**SUPPLIED RECORDS**
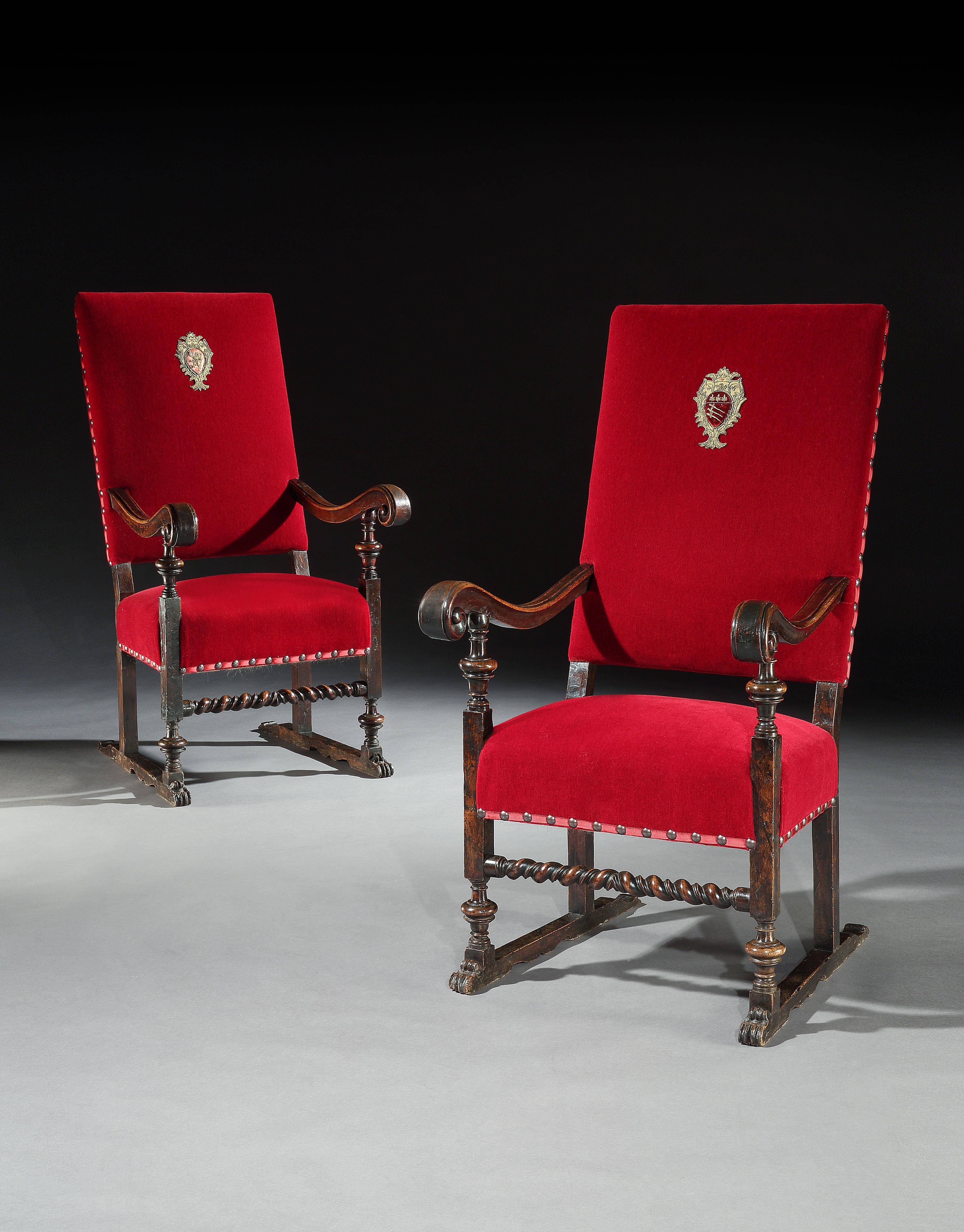 Rare paire de fauteuils ou coppia di seggioloni de la fin de la Renaissance italienne, rembourrés, en noyer, avec trône, ouverts, ayant conservé leurs armoiries d'origine.

Ces fauteuils trône sont caractéristiques de ceux que l'on trouve dans les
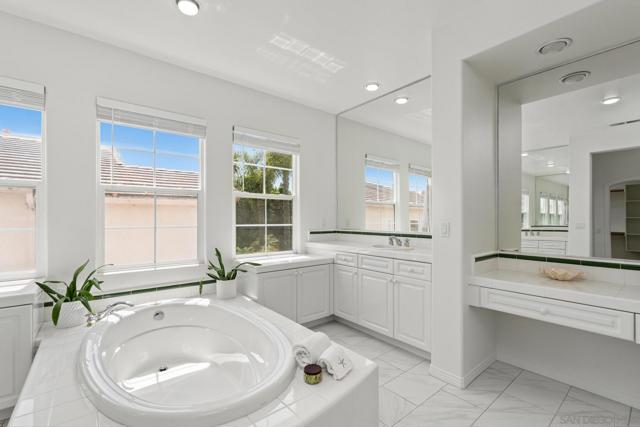 616 Marlin Ln, Carlsbad CA: https://media.crmls.org/mediaz/f03780fa-f8f8-44d2-81bf-2bcefed649ef.jpg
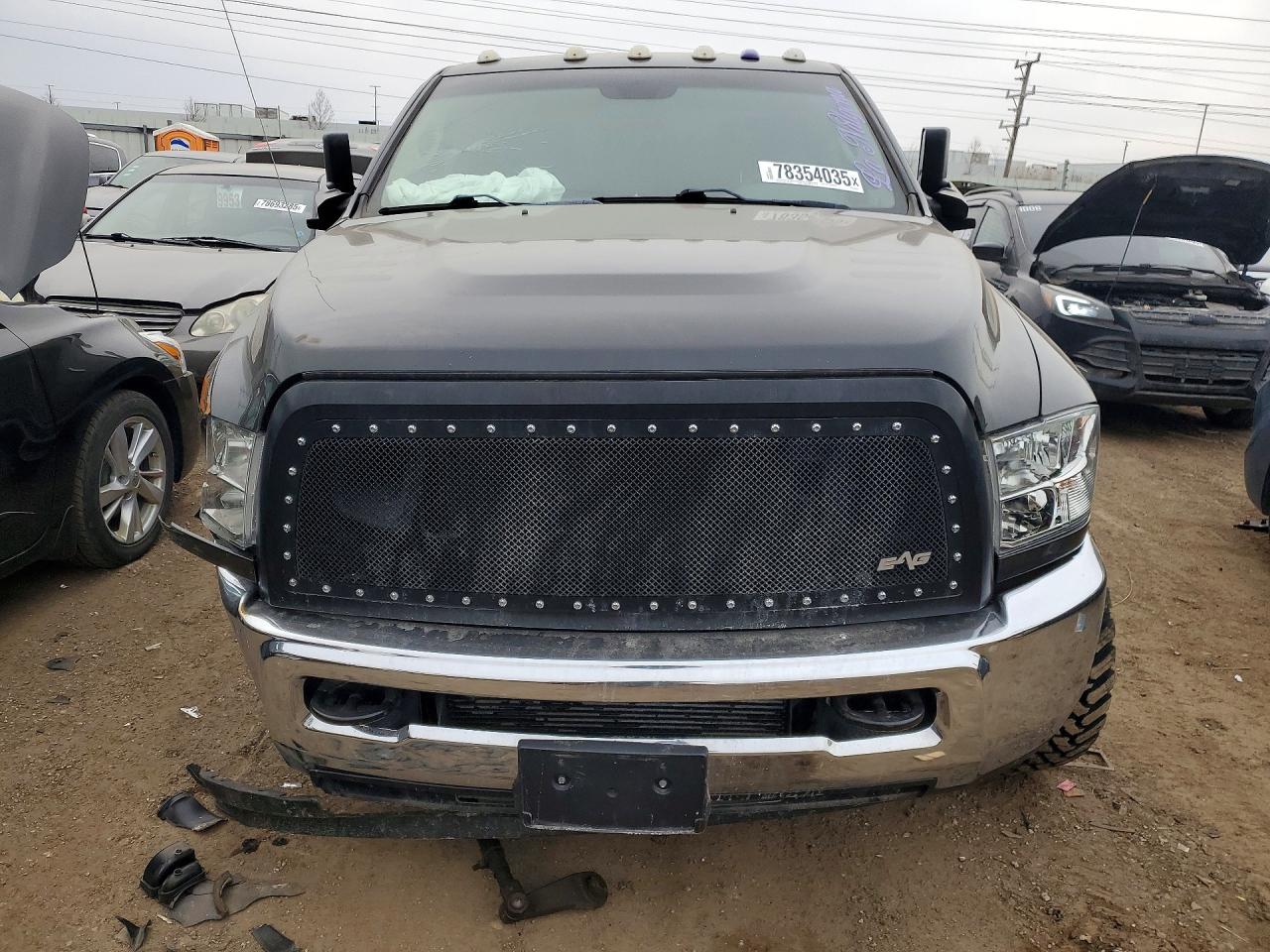 2018 RAM 3500 ST — снимка 5
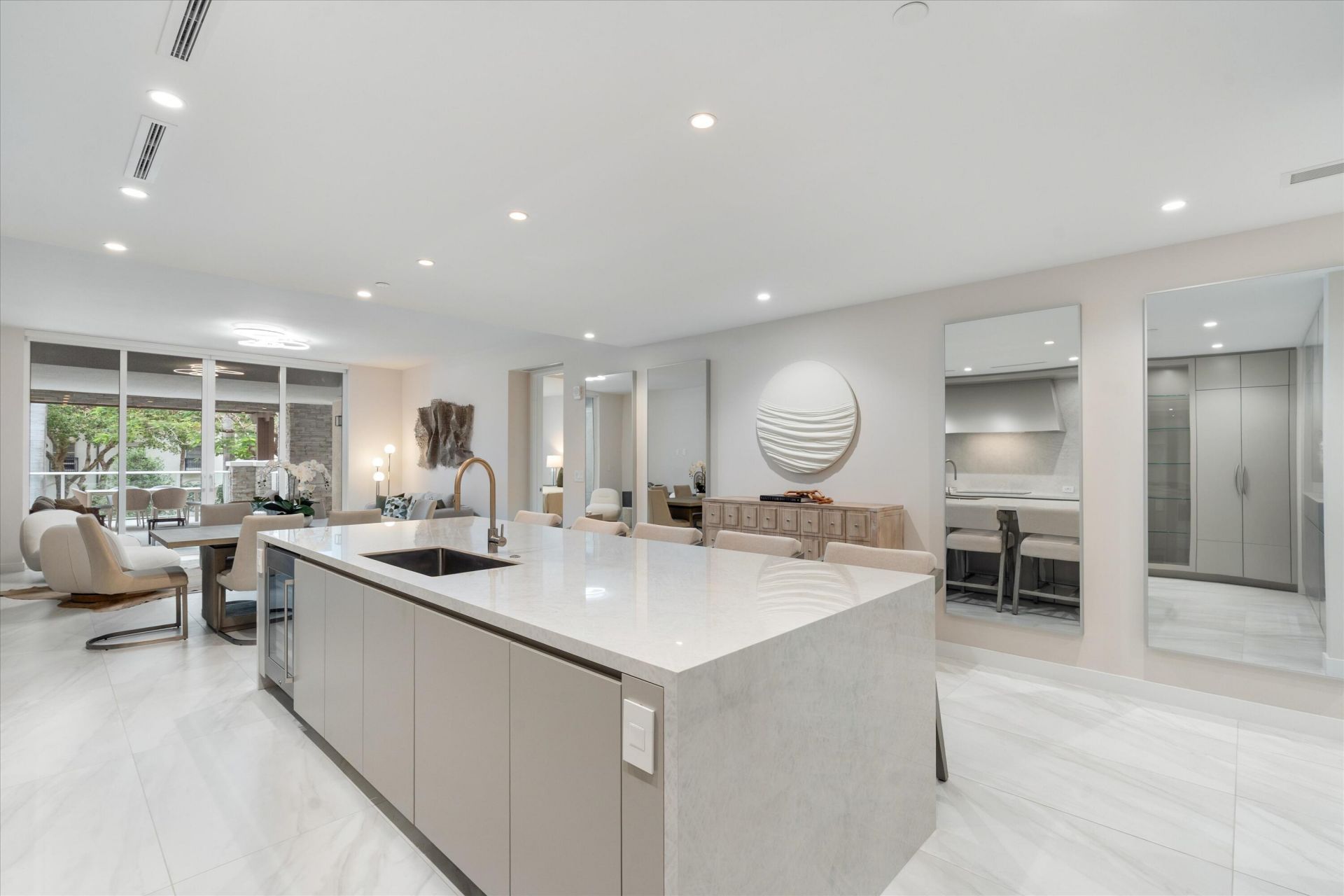 220 SE Mizner Boulevard, Unit 409, Boca Raton, FL 33432 Photo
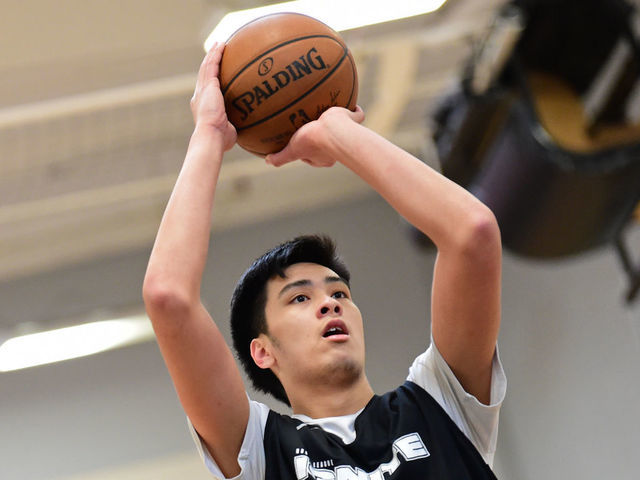 WALNUT CREEK, CA - NOVEMBER 22: Kai Sotto #11 of Team Ignite shoots the ball during an NBA G League Practice and Scrimmage on November 22, 2020 at Ultimate Fieldhouse in Walnut Creek, California. NOTE TO USER: User expressly acknowledges and agrees that, by downloading and or using this photograph, user is consenting to the terms and conditions of Getty Images License Agreement. Mandatory Copyright Notice: Copyright 2020 NBAE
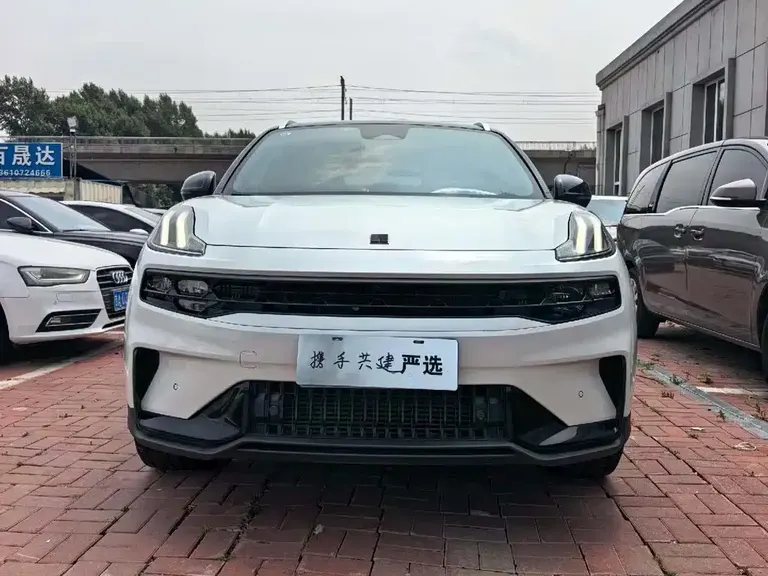 Lynk & Co 06 Remix 1.5 T Shero
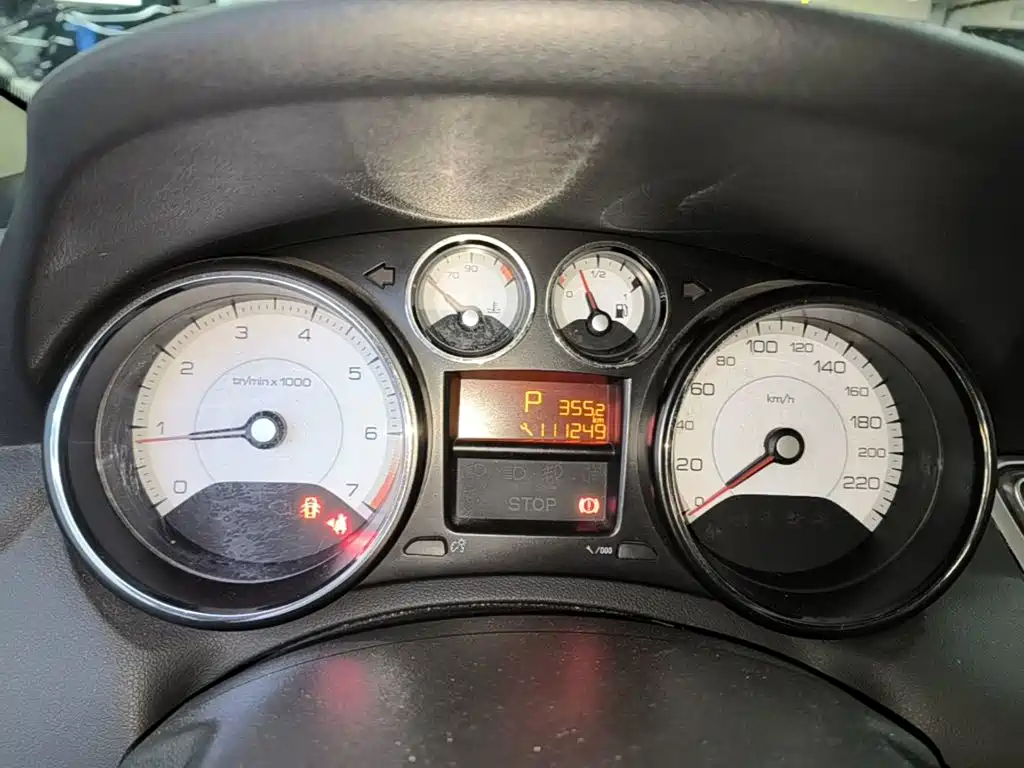 Peugeot 308 — миниатюра 12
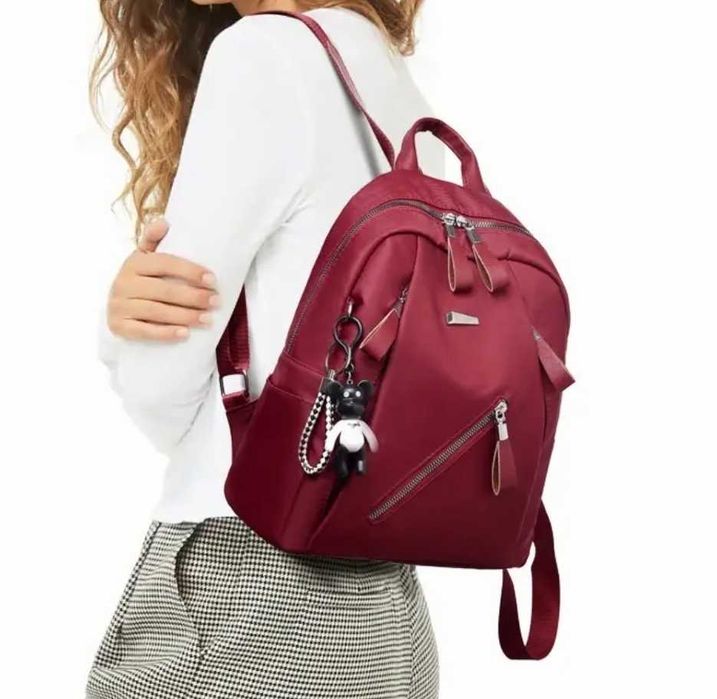 Нова текстилна дамска раница с висулка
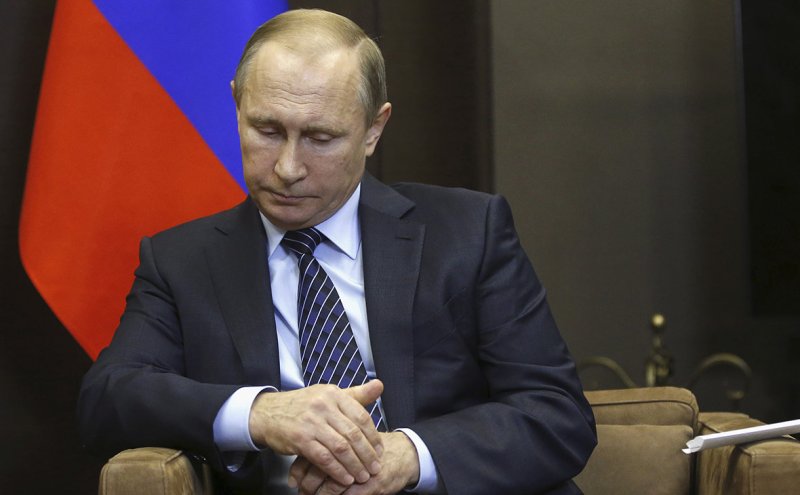 Путин сидит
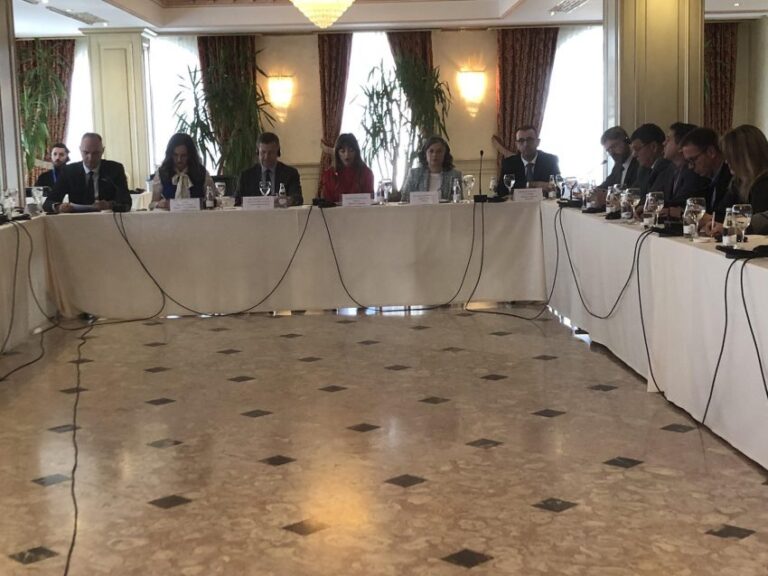 UNICEF: 130 fëmijë në situatë rruge në 8 komuna, shumica nga komunitetet joshumicë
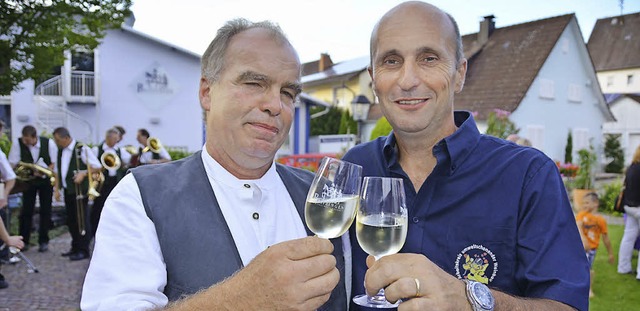 Auf die kommunale Freundschaft: die Or...s) und Armin Imgraben aus  Britzingen   | Foto: Umiger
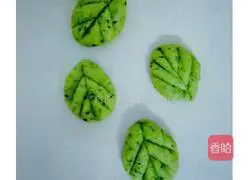 Illustration of how to make three-color fancy steamed buns 5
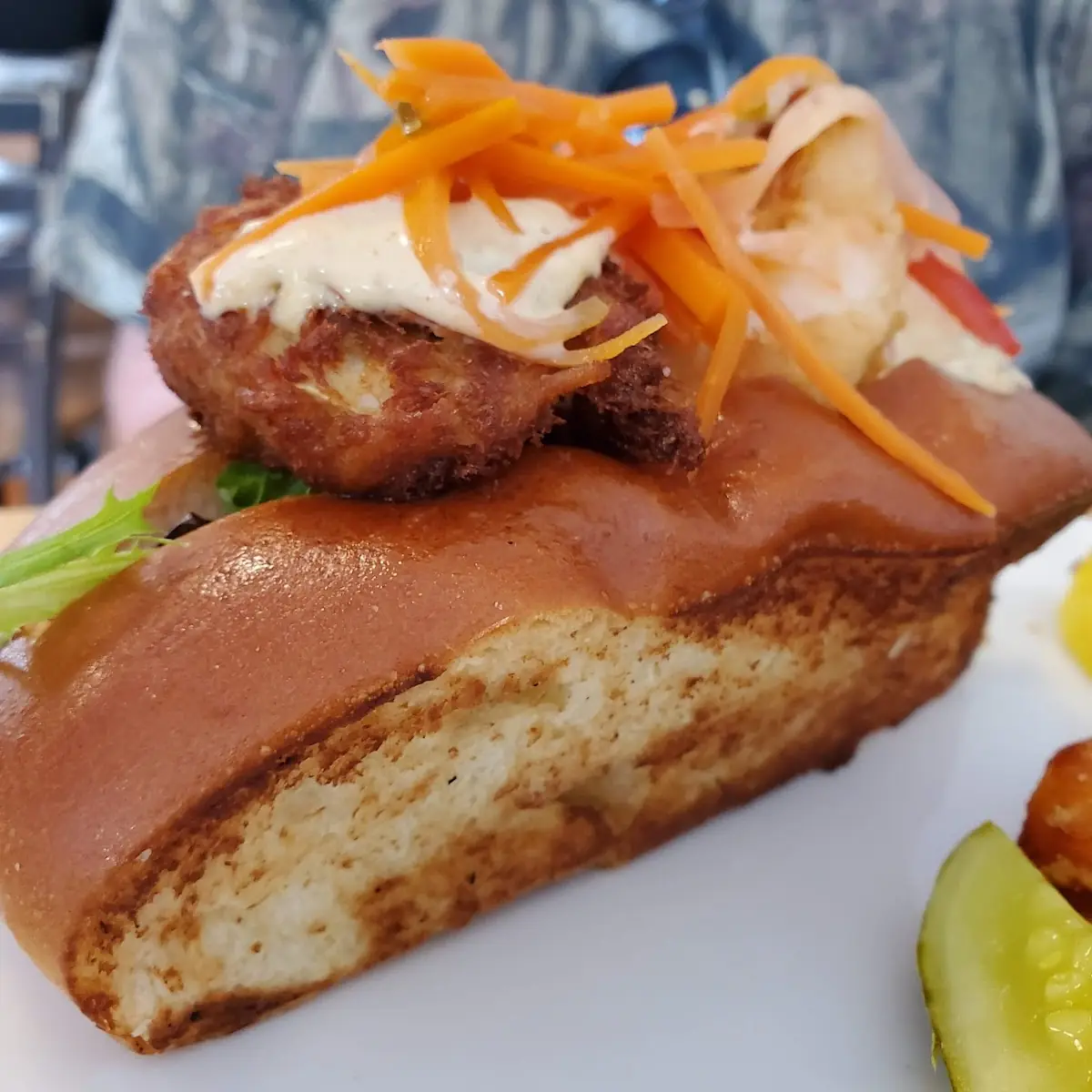 Nashville Hot Oyster Roll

**PROBLEM TO SOLVE**
From the line containing "220 SE Mizner" down to the last line of the entries above, set down every line exactly. Omit all pictures.

**EXERCISE OUTPUT**
 220 SE Mizner Boulevard, Unit 409, Boca Raton, FL 33432 Photo
 WALNUT CREEK, CA - NOVEMBER 22: Kai Sotto #11 of Team Ignite shoots the ball during an NBA G League Practice and Scrimmage on November 22, 2020 at Ultimate Fieldhouse in Walnut Creek, California. NOTE TO USER: User expressly acknowledges and agrees that, by downloading and or using this photograph, user is consenting to the terms and conditions of Getty Images License Agreement. Mandatory Copyright Notice: Copyright 2020 NBAE
 Lynk & Co 06 Remix 1.5 T Shero
 Peugeot 308 — миниатюра 12
 Нова текстилна дамска раница с висулка
 Путин сидит
 UNICEF: 130 fëmijë në situatë rruge në 8 komuna, shumica nga komunitetet joshumicë
 Auf die kommunale Freundschaft: die Or...s) und Armin Imgraben aus  Britzingen   | Foto: Umiger
 Illustration of how to make three-color fancy steamed buns 5
 Nashville Hot Oyster Roll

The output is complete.